*Exercise*. From the first line to the last, set down the material exactly, leaving out its pictures.

*Supplied information*.
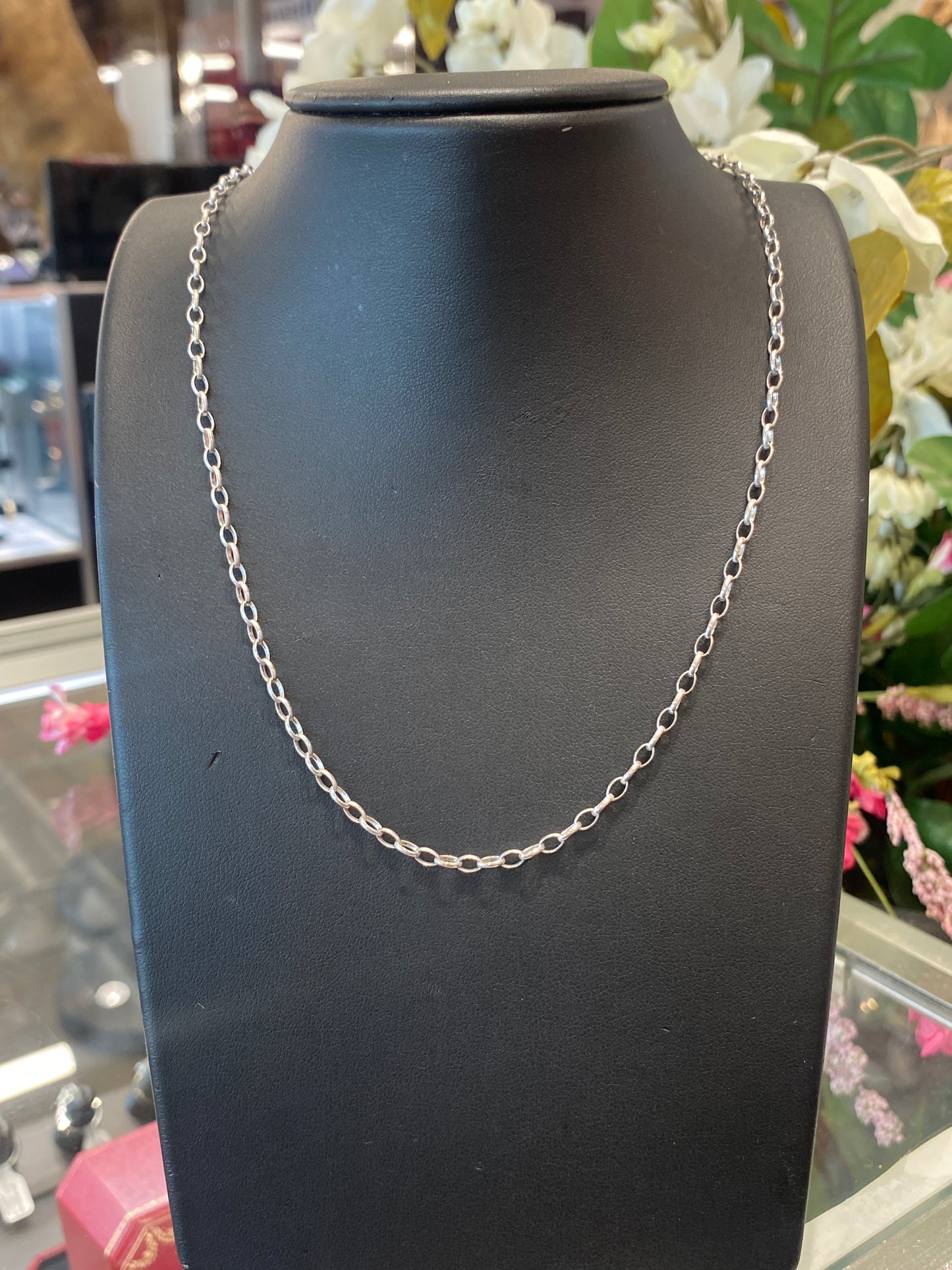 10k White Gold Link Chain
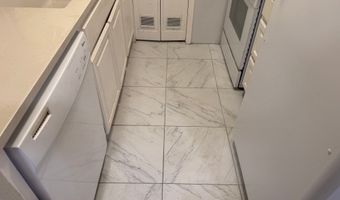 88 W 50 S A4, Centerville, UT 84014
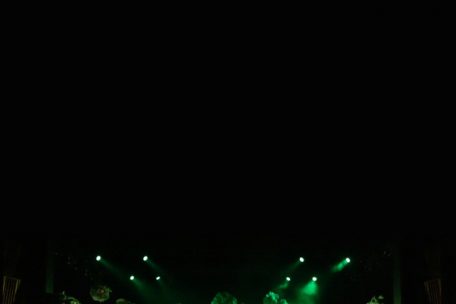 D’Déiere sinn eigentlech jonk Mënschen – mee duerch d’Drénke vun enger speziell preparéierter Limonad goufe se verhext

*Written solution*.
 10k White Gold Link Chain
 88 W 50 S A4, Centerville, UT 84014
 D’Déiere sinn eigentlech jonk Mënschen – mee duerch d’Drénke vun enger speziell preparéierter Limonad goufe se verhext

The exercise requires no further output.